What is Kohakutou (琥珀糖)?
Kohakutou is a Japanese sweet created in the Edo period made from sugar, water and agar (Kanten). People often describe it as an edible gem; it has a mesmerising crunchy texture on the outside and a jelly-like texture on the inside.
This sweet is popular throughout the year because each season has its specific flavour, which makes preparing Kohakutou at home so much fun! As we’re in the middle of summer, let’s make some with lemon!
Lemon Kohakutou recipe
- 150g water
- 3g agar agar
- 200g granulated sugar
- Zest and juice of a half unwaxed lemon
- Spread a thin layer of vegetable oil on the mould.
- Place the water and agar into a saucepan and bring to a boil while mixing.
- Once it's boiled, cook for a minute or two.
- Add the sugar and stir well until you see the liquid make a string kind of texture. (the mixture is very hot! Be careful when you are handling it.)
- Turn off the heat, and let it cool for a minute. Add half a lemon’s worth of zest and juice and mix well.
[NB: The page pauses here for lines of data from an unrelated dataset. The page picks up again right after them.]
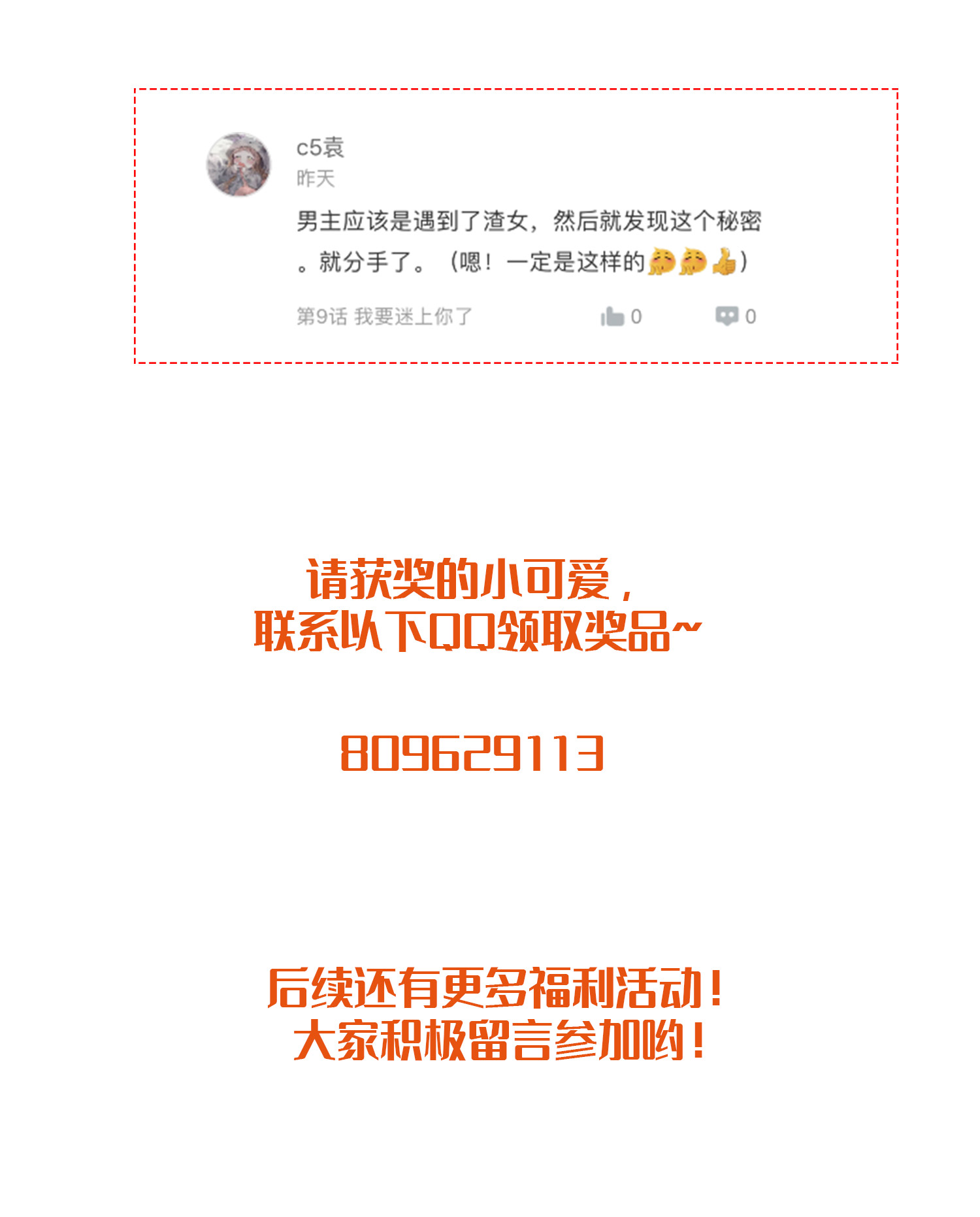 224.jpg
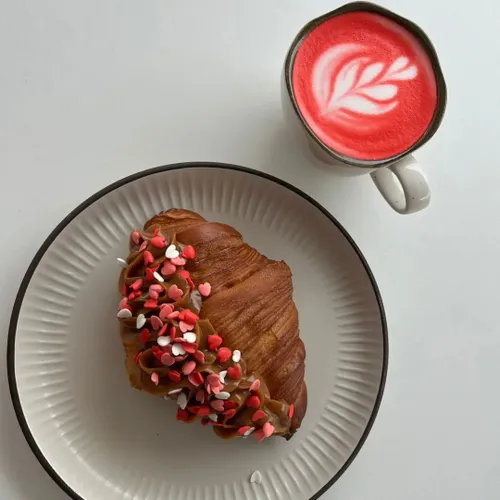 Rafé Café Rafé Café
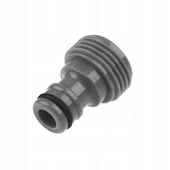 nypel 3/4", karta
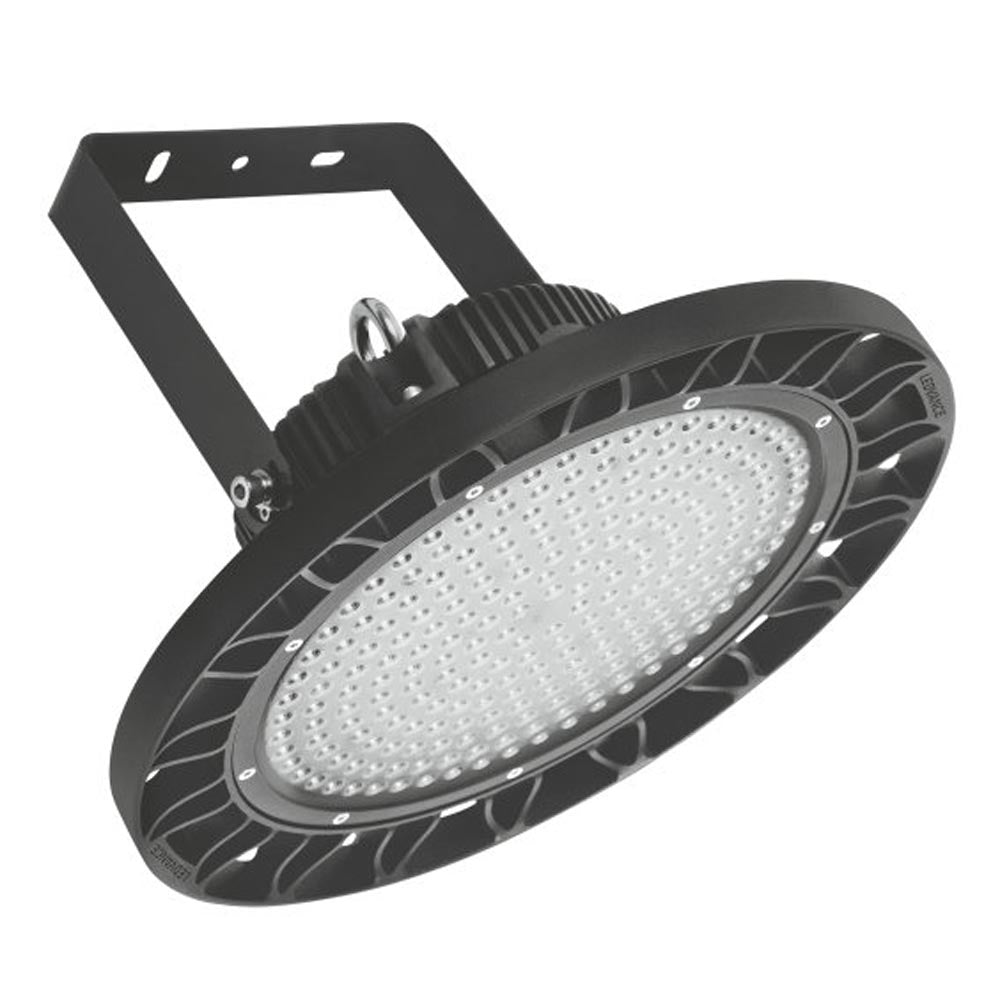 250w led store high bay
- Pour it into the mould and leave it to cool, then put it in the fridge.
- Once the mixture is set, cut it into your favourite shapes. I cut some of them into squares and broke the rest into small pieces by hand.
- Dry them on a cooling rack or cooking mat in a cool, dry place. It usually takes about five days to a week. Once the Kohakutou are crystalised on the surface, keep them in an airtight container and consume them within two weeks.
When I made Kohakutou for the first time, I struggled with the acidity of the fruits. If you add acid to the agar and cook them together, the mixture won't be able to set.
So if you want to add acidity to your Kohakutou, add it at the end after turning off the heat and let it cool down a little.
We used a fresh lemon this time, but you can also use another kind of citrus fruit such as lime and orange. You can also use your favourite squash or syrup then you will be able to make some colourful Kohakutou.
Since we had a heatwave here in the UK, we put the Kohakutou in an airtight container and froze them. We left them in the freezer for a few days, and they didn’t get very hard, as they were still soft in the middle. We highly recommend trying frozen Kohakutou too!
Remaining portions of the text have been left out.